Mobile Phone Number Directory Raises Privacy Issues
You know those little tick boxes that you get on everything nowadays that ask you to check (or uncheck) you are happy to have you details sold across the world? Well have you ever wondered what happens if you don’t (or do) select that option? Well here’s an answer, you get included in a mobile phone number directory.
Since 2007 Connectivity (the company behind the directory enquiries service 118 800) have been through a load of these lists and managed to compile a list of around 15million mobile phone numbers which will now be accessible through the website and via the landline number.
Shona Forster, 118800’s Marketing Director defended this tactic by saying “We are accessing data in the same way that lots of other companies do for marketing purposes… The difference is that we don’t use that data for marketing purposes and we don’t sell it on to anybody else”.

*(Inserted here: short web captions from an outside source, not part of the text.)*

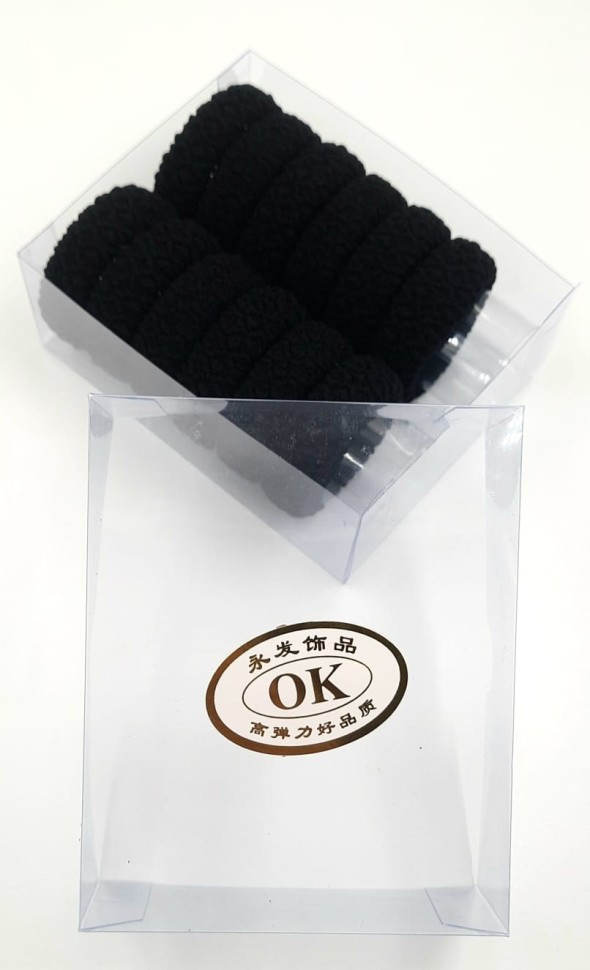 Резинки для волос "ОК" в Коробочке  Черные  (12 штук)  (ТВ-7092)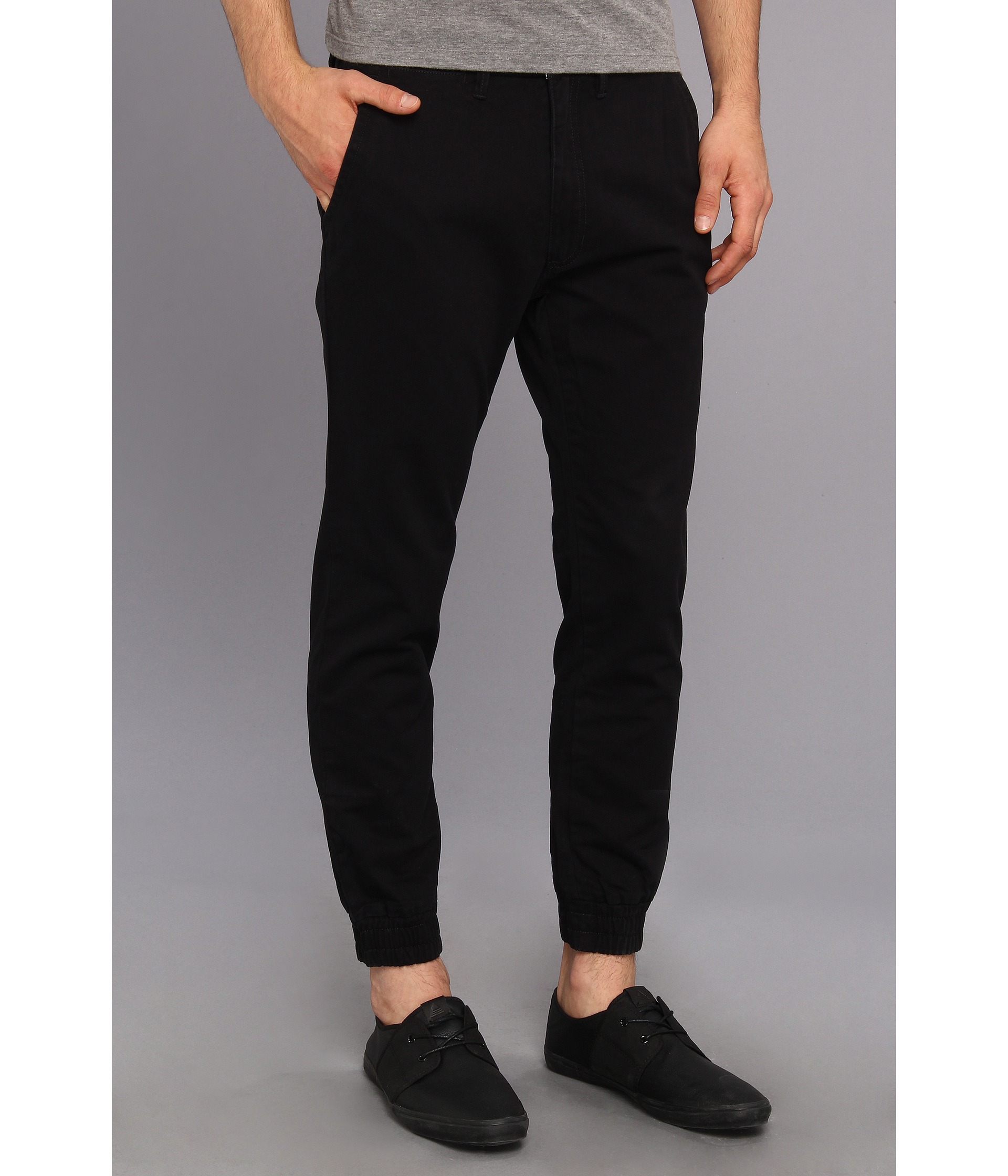 vans black chinos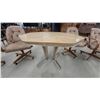 Image 2 : Vintage 1970s-80s Dining Set, Octagonal Wood Table with Chrome Base and 5Tufted Caster Chairs 30"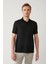 Erkek Siyah 3 Düğmeli Jakarlı Polo Yaka Regular Fit T-Shirt A41Y1051 3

There are a few obvious problems with this the most blatant being one of privacy. Surely it is an invasion of our civil liberties to ‘harvest’ these numbers and put them into a database which people can access without our permission? Apparently not, although interestingly the original intention was to contact everyone to ensure that they wanted to opt into the system but that was quietly dropped (probably because they realised that no one would say yes!).
In fact this probably would be verging on the illegal if it wasn’t for that the fact they don’t physically give you the number, rather they contact the phone in question (either by phoning if you use the 118 800 number, or by texting if you choose to do it through the website) and ask them whether they are happy to be put through – much akin to the method used by reverse charge calls.